C'est à Managua, capitale du Nicaragua sandiniste, avec pour passager
le ministre vénézuélien des Relations extérieures,
Nicolas Maduro, que Manuel Zelaya prenait lui-même jeudi le volant
d'un véhicule tout-terrain pour se diriger vers le Nord et le Honduras,
distant d'environ 300 km. Les automobiles qui l'accompagnent en caravane
transportent de nombreux journalistes. Le mythique Comandante Cero de la
révolution sandiniste, Eden Pastora, est aussi du voyage.
Hugo Chavez, président du Venezuela, avait coordonné le 5 juillet
une première tentative avortée de retour au Honduras de Manuel
Zelaya dans un avion vénézuélien. En août 2008,
le Honduras présidé par Zelaya ralliait le camp de la gauche
radicale latino-américaine en adhérant à l'Alternative
[aujourd'hui Alliance; ndlr] bolivarienne pour les Amériques, l'ALBA.
Celle-ci englobe actuellement le Venezuela, le Nicaragua, Cuba, la Bolivie,
l'Equateur, le Honduras, la Dominique, Antigua-et-Barbuda, ainsi que Saint-Vincent-et-les-Grenadines.
A Tegucigalpa, les nouvelles autorités du Honduras ont annoncé
leur intention de sortir leur pays de cette alliance.
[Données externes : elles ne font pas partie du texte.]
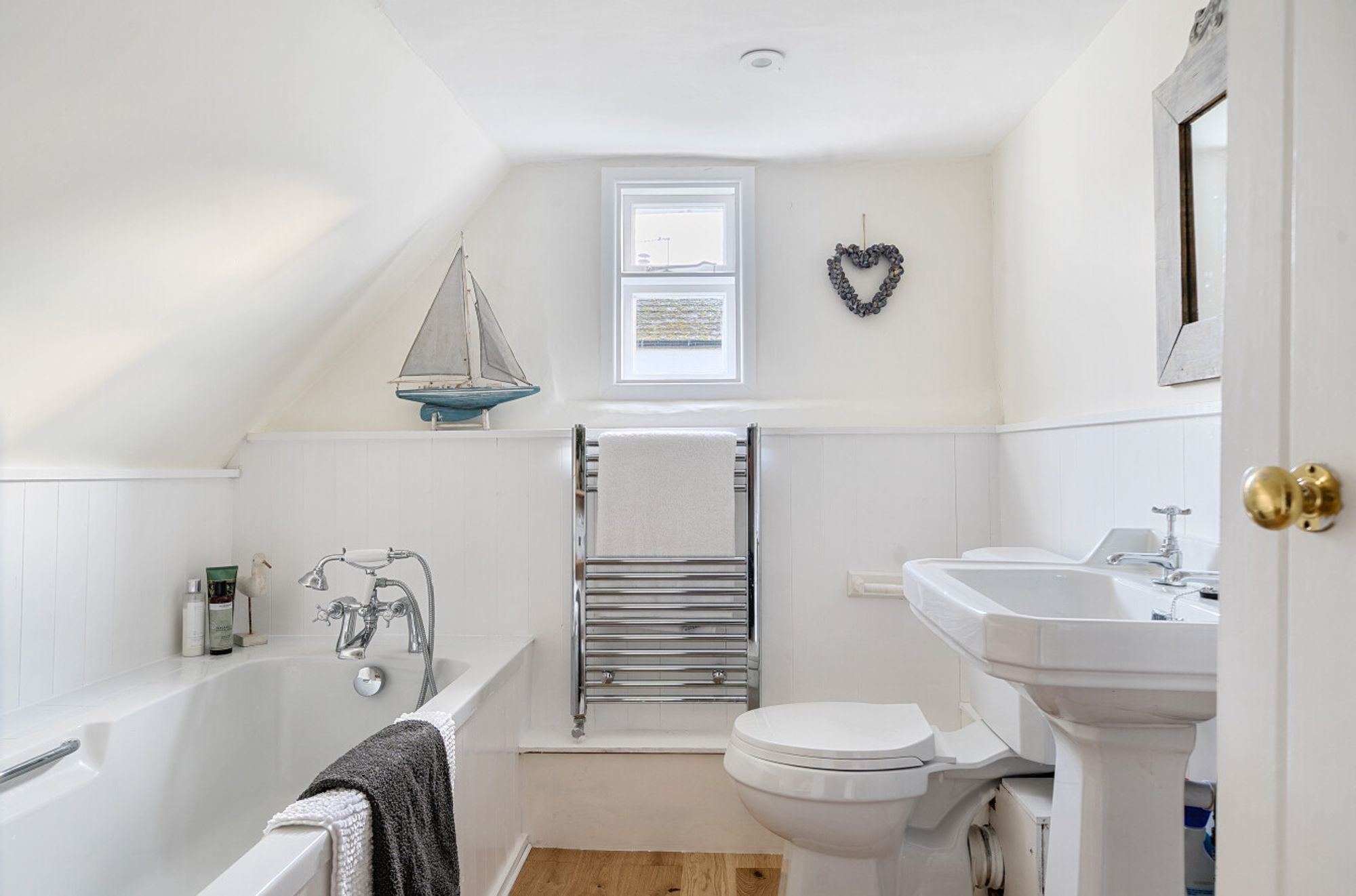 4 bed character property for sale in South Street, Great Wishford, SP2 28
Craignant qu'elle ne débouche sur des heurts sanglants, le secrétaire
général de l'Organisation des Etats américains (OEA),
José Miguel Insulza, juge "précipitée" la nouvelle tentative
de retour de Manuel Zelaya. A Washington, elle est qualifiée de "peu
prudente" par l'administration du président Barack Obama. L'OEA et
les Etats-Unis, ainsi que la Colombie et deux pays de la gauche latino-américaine
modérée, le Chili et l'Uruguay, ont exprimé le 23 juillet
l'espoir d'une relance de la
médiation du Costa Rica. Par contre,
les principaux pays de l'ALBA, Venezuela en tête, ne voient en cette
médiation qu'un stratagème pour consolider "le régime
putschiste" de Tegucigalpa.
Rejeté le 19 juillet par le gouvernement hondurien actuel, le plan
de conciliation présenté par le médiateur Oscar Arias,
président du Costa Rica, a été restructuré dans
sa présentation, mais non dans sa substance, sous le nom
"
Accord de San
José". Mais le 22 juillet, c'est la délégation de Manuel
Zelaya qui le rejetait.
Le président de facto du Honduras, Roberto Micheletti, n'accepte pas
le retour à la présidence de Manuel Zelaya, retour que prévoit
l'Accord de San José, et Zelaya, lui, contrairement à l'opposition
expresse du même Accord de San José, prétend toujours
opérer une réforme radicale de la Constitution hondurienne,
en direction du socialisme du 21e siècle cher à Hugo Chavez,
par une consultation populaire ouvrant la voie à une Assemblée
constituante. Mais la Constitution hondurienne n'autorise pas un tel processus.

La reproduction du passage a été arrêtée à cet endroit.